RIJS People

RIJS People

Graduate Students: A-C

Raja ADAL (History) adal@fas.harvard.edu
Raja Adal is a third-year Ph.D. candidate in the Department of History.  He graduated from the Johns Hopkins University in 1995 having fulfilled requirements for a BA in International Studies and German.  In his senior year, he earned a fellowship to go to Japan, where he stayed for six years, first as a graduate student at the International University of Japan, then as a student of Japanese in Tokyo, and finally as a graduate student at Kyoto University.  In 2002 an interest in pursuing a comparative history of modernity in Japan and the Arab world brought him to Harvard, where he is currently working his dissertation Aesthetic Consciousness and the Negotiation of Western Modernity: Fine Art Education in Egyptian and Japanese Elementary Schools, 1870 – 1930.
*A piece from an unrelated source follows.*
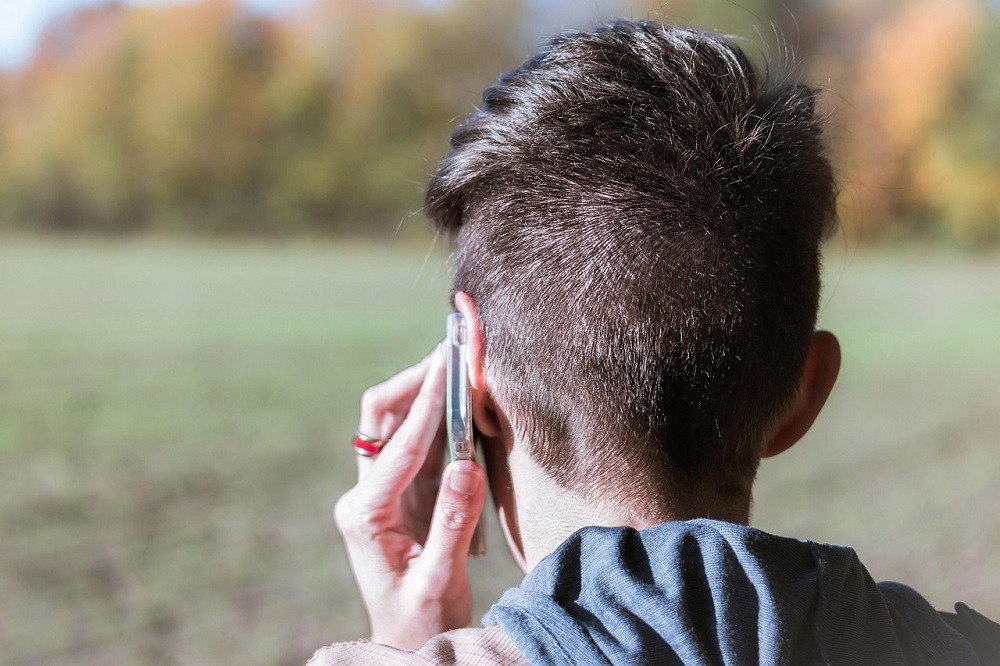 A young man holds his phone to his ear while in the middle of a conversation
Marjan BOOGERT (EALC) boogert@fas.harvard.edu
Marjan is a Ph.D. candidate in the Department of East Asian Languages and Civilizations, where she focuses on Tokugawa period history. Her dissertation investigates daimyo society in Edo in the context of bakufu politics and the bakuhan system, based on a case study of "Matsudaira Yamato no kami nikki," the diary of a daimyo who lived in the second half of the seventeenth century. From October 2001 until January 2003 Marjan was at the International Research Center for Japanese Studies (Nichibunken) in Kyoto for dissertation research. Before coming to Harvard, she earned her undergraduate degree from Leiden University.
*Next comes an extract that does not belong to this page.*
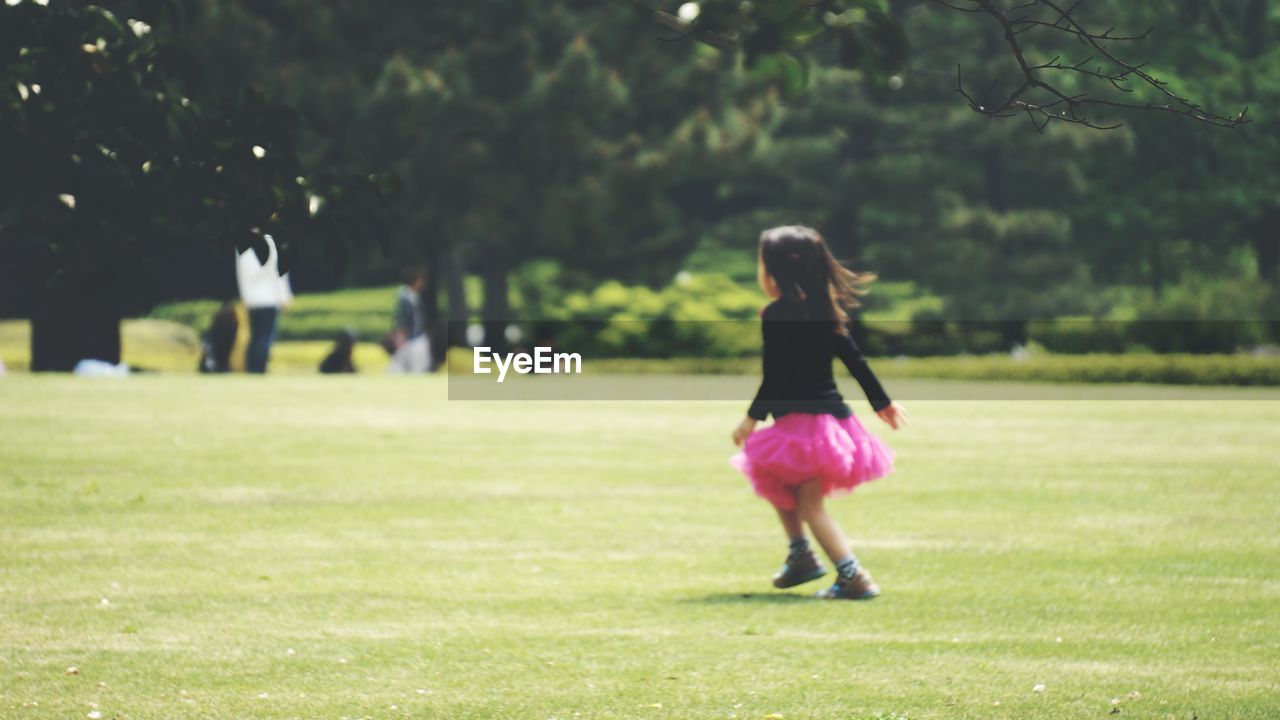 FULL LENGTH OF WOMAN WALKING ON GRASSY FIELD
Michael BURTSCHER (HEAL) burtsch@fas.harvard.edu
Michael entered the Program in History and East Asian Languages after completing his Master's degree in Modern European History at the University of Munich. His interests combine Modern European Intellectual History and the History of Modern Japan. From 1997 to 1999, he studied the History of Japanese Political Thought at the University of Tokyo, and was affiliated with the German Institute for Japanese Studies in Tokyo before returning to Harvard in 2000. His dissertation "Amaterasu's Empty Mirror. Philosophy and Politics under the Meiji State" seeks to demonstrate how "philosophy" (tetsugaku) became a central battleground for contending political positions during the Meiji era, and an important source of intellectual legitimization for the Meiji state.

Amy Louise CATALINAC (Government) catalin@fas.harvard.edu
Amy is a first-year Ph.D. student in Harvard University's Department of Government. She graduated with a Bachelor of Arts with Honors (First Class) in Political Science and Japanese from Victoria University of Wellington in her native New Zealand in 2002. Amy was awarded a Japanese Ministry of Education scholarship to study Japanese Politics at the University of Tokyo from April 2003 until September 2004, in which time the Liberal Democratic Party (LDP) also employed her as a translator and intern. Amy's research interests include issues of national security and defense in Japan, Japan's international environmental policy, issues in domestic politics such as the movement to amend the Constitution, and issues of national identity. Amy has a publication forthcoming in the journal Japan Forum, which is entitled "Japan, the West, and the Whaling Issue: Understanding the Japanese Side". She has also recently published an article on agenda setting in the New Zealand political context in the journal Political Science.